Though the skin exfoliates naturally as a function of a living organ, it slows down incrementally as we age. Exfoliation can be the application of a topical solution or a physical debriding, both of which induce the epidermis to thin out it’s tightly compacted layers of stratum corneum cells. Skin has the amazing dual function of respiration and elimination, yet its primary raison d’etre is to repair itself, for therein lies the defense of the human organism from infection and disease. When the skin is asked to do more quickly what it does best, it does so more efficiently as evidenced in the healthy re-epitheliation of stratum corneum and increased tensile strength in the dermis via collagen and elastin rebuilding.
All professional exfoliation assists this natural process regardless of the technique employed, but the more aggressive the exfoliation the more dramatic the cellular revival. In this article I will be discussing the various types and degrees of both chemical and physical exfoliation.
Professional exfoliation is divided into two avenues – chemical and physical exfoliation – and when used intelligently, are not exclusive of one another. A combination approach can be utilized to effect a more profound outcome as well as avoiding the potentiality of irritation, scarring, or abrasion.
Exfoliation should be approached with caution. Picture a white picket fence where the client is gingerly trying to balance while crossing from one side (photo-damaged skin) to the other (a vibrant, youthful looking complexion). The aesthetician’s job is to design an at home and in clinic protocol for the client that will provide the highest level of results without falling off either side of the fence; one side of which is dermatitis, the other side being no measurable improvement at all.
Treatment should begin with an assessment of the client’s long term as well as short term goals. In this respect, a “menu of facial treatments” is obsolete.

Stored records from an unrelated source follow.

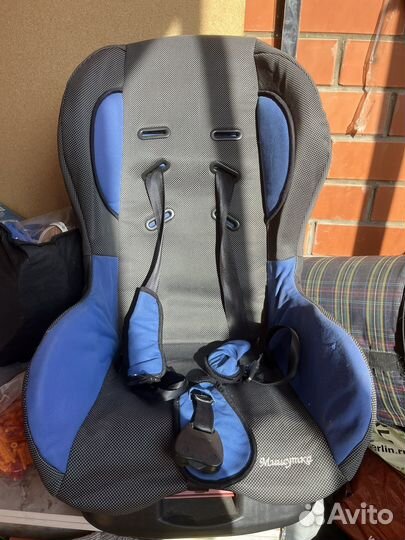 Детское автокресло мишутка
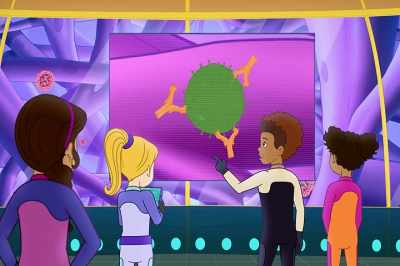 [thumping] - The Magic School Bus Rides Again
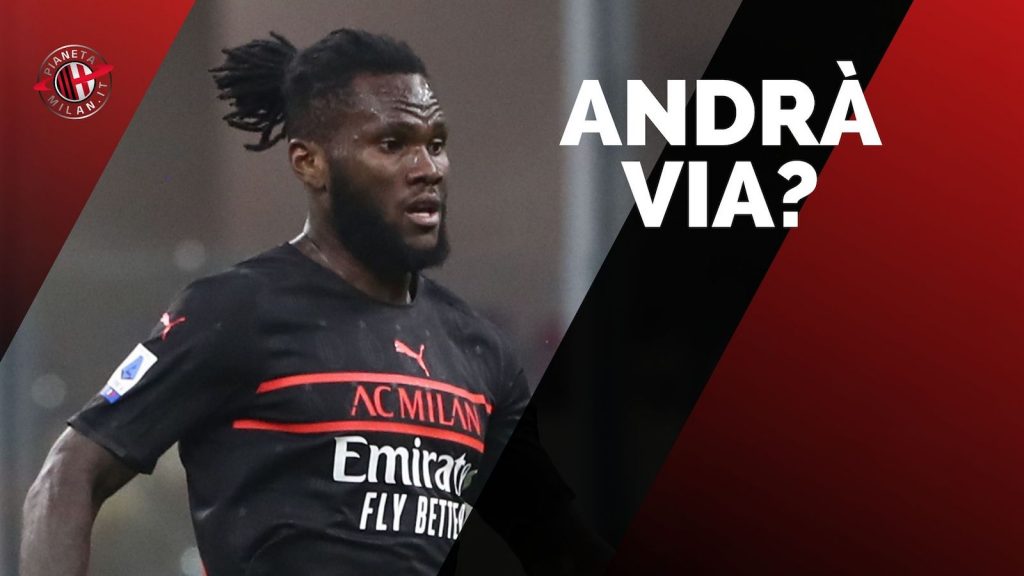 Franck Kessié Calciomercato AC Milan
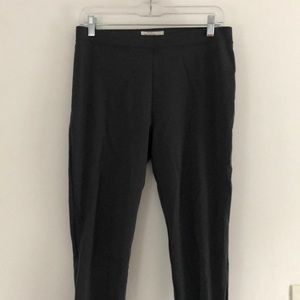 Gray Abercrombie and Fitch leggings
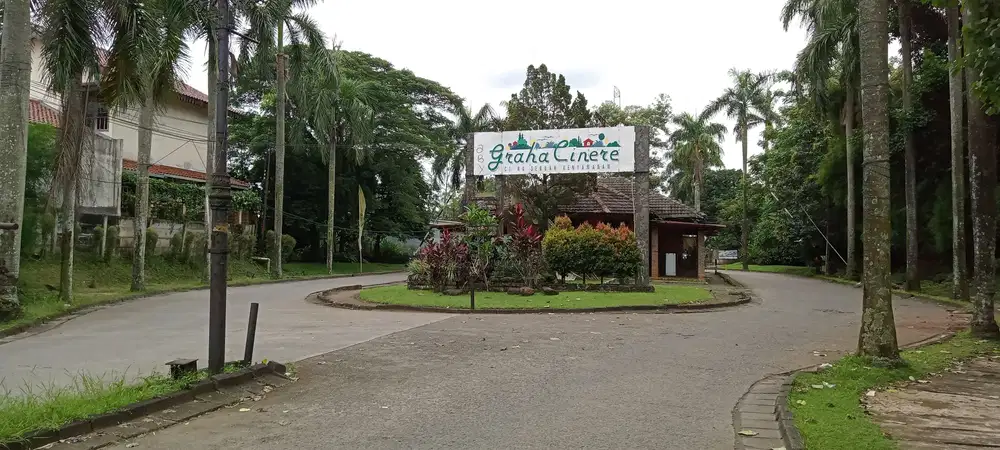 Tanah Murah di Perumahan Graha Cinere, Limo Depok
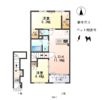 小信中島東鵜飼分新築アパートの間取り画像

Clients turn to and rely on our training and experience, as professionals, to interpret their emotional rendering of their complexion’s predicament in unbiased and clinical terms ultimately expecting a prescription for a professional solution with honest and accurate descriptions of immediate and long-term treatment results.

I. Chemical Exfoliants
A.Enzymes: Chemical ingredients creating proteolytic activity, causing dead skin cells to be digested by the process of hydrolysis.
1. Pancreatin: Powerful and pungent mixture of enzymes (amylase, lipase, and protease) derived from bovine or porcine pancreas, effective for all skin types except rosacea and extremely sensitive. Use with caution.
2. Papain: Extremely effective enzyme from papaya. Available in powder with activating fluid, paste, cream, mask, and cleanser. Useful on all skin types.
3. Bromelian: Another fruity enzyme derived from pineapple. Higher reactivity than papain though useful for all skin types. Commonly found mixed with papain. Check for food allergies.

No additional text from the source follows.